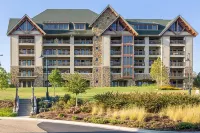 Hilton Grand Vacations Club Paradise Point Branson Hotels near Table Rock Lake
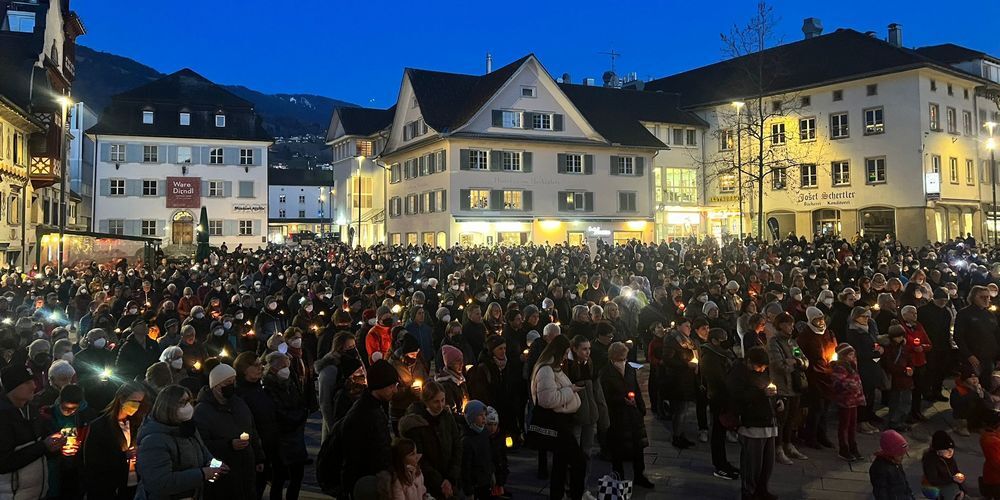 Tausende Kerzenlichter erstrahlten auf dem Dornbirner Marktplatz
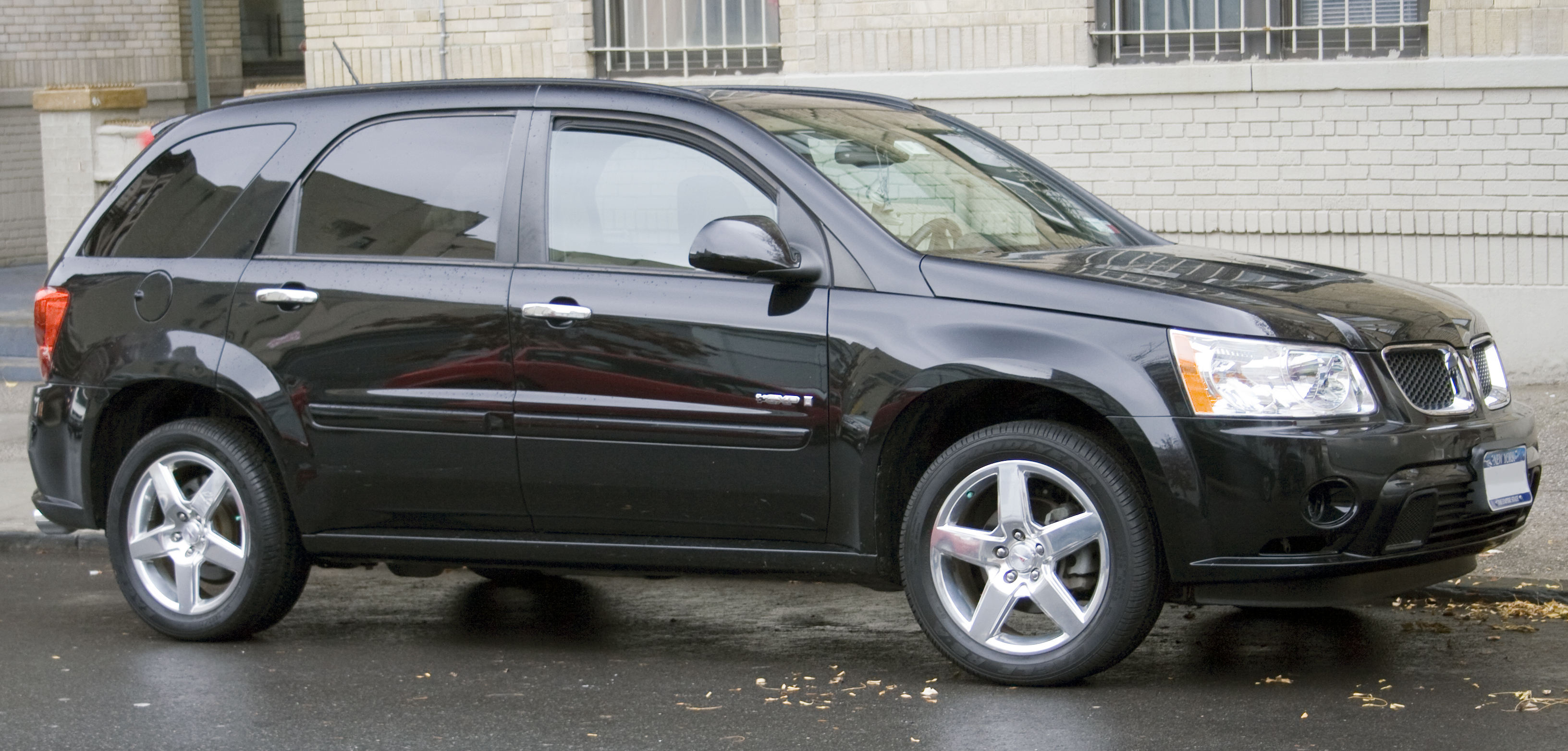 Pontiac Torrent 2005 - 2009 SUV 5 door #3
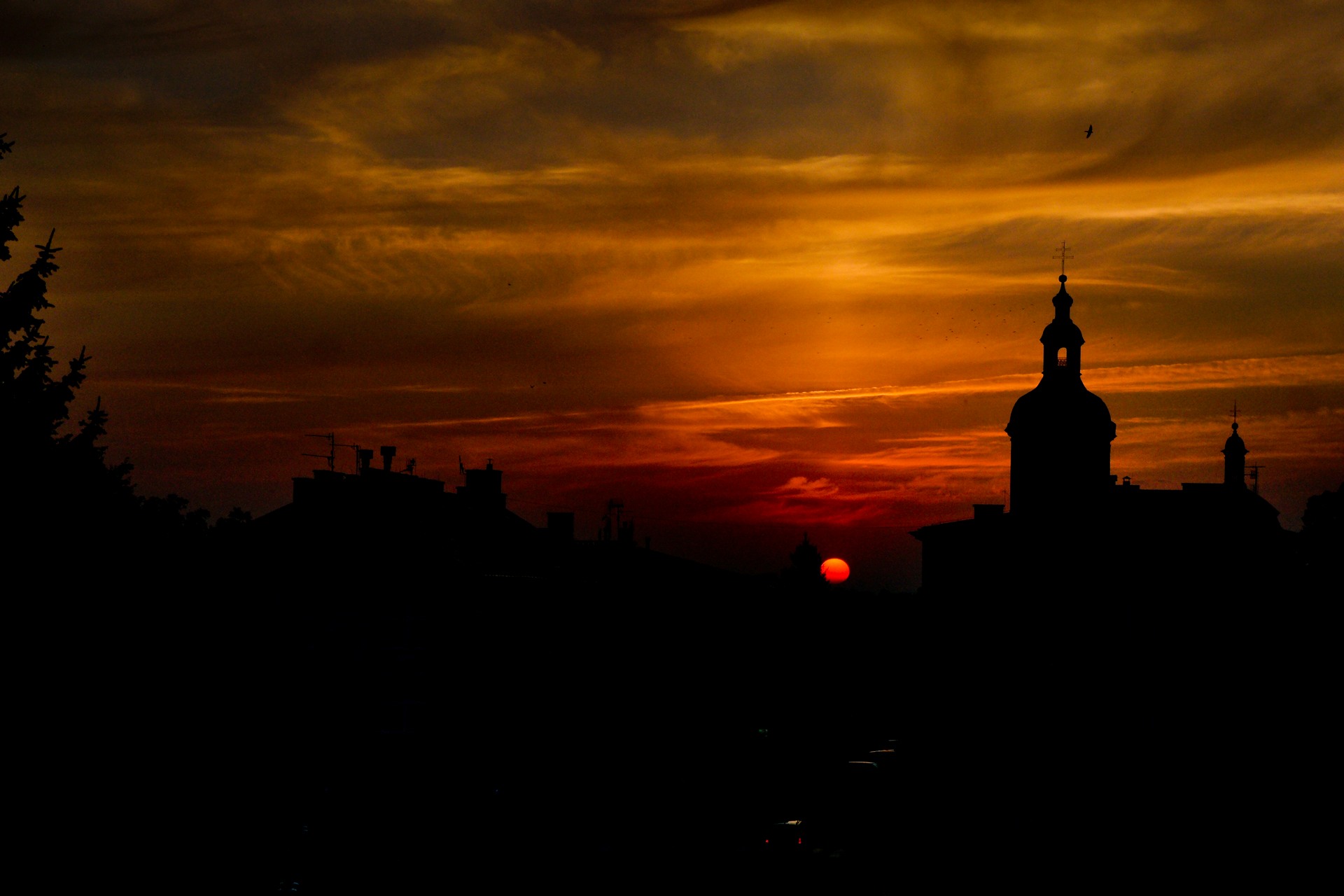 Wieża Bazyliki o zachodzie słońca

■ ■ ■

When you retype the listing, keep every line exactly as it is and drop the pictures.

- [Response below]
 Hilton Grand Vacations Club Paradise Point Branson Hotels near Table Rock Lake
 Tausende Kerzenlichter erstrahlten auf dem Dornbirner Marktplatz
 Pontiac Torrent 2005 - 2009 SUV 5 door #3
 Wieża Bazyliki o zachodzie słońca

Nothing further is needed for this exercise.